Sharon November 26th, 2006

The first step is admitting you have a problem. So here, I admit it. I can’t do html. Which is a problem, because I have a website (www.ourvictoryathome.com). I have people who want to write columns for me. I have columns of my own to post. I have ideas for pictures of people who will volunteer to powerdown. And I can’t get it put up on the web. My kind neighbor was helping me, but she’s working more now, and I can’t bug her too much.
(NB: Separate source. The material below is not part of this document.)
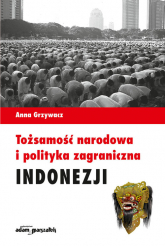 Tożsamość narodowa i polityka zagraniczna Indonezji - Anna Grzywacz | mała okładka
So I am asking for aid. Is there someone out there who has a little free time, and some good basic web skills that we work with me on the technical (and content, if that interests you) labor of the Our Victory At Home website? I have so much more to do there, and I’m so overwhelmed by the technical demands of simply getting things onto the screen - it takes me *hours* to put up an article - hours I don’t have right now.

I’ll happily barter space on the forum for you to write your own articles, or perhaps I can mail you some yarn, or cookies or something. But I have hit my skill limits, and exceeded them - can anyone give me a hand?

Email me if this is something you are interested in. And thank you.

Sharon (who has no technical skills to speak of)

God and Oil: Why Religion Matters to the Peak Oil Movement

Sharon November 23rd, 2006

Among overeducated leftist types, I’m something an anomaly - a religious person. A majority of the people I know who are involved in the peak oil and environmentalist movements are secular people who are either not religious or consider themselves spiritual, rather than religious. Most of them perceive themselves as dissenting from a mass culture that presses people towards cultural conservativism, unethical social practices, lack of concern for social justice and adherence to conservative Christianity. They tend to perceive religion as manipulative, often very negative in its effects, and anti-intellectual.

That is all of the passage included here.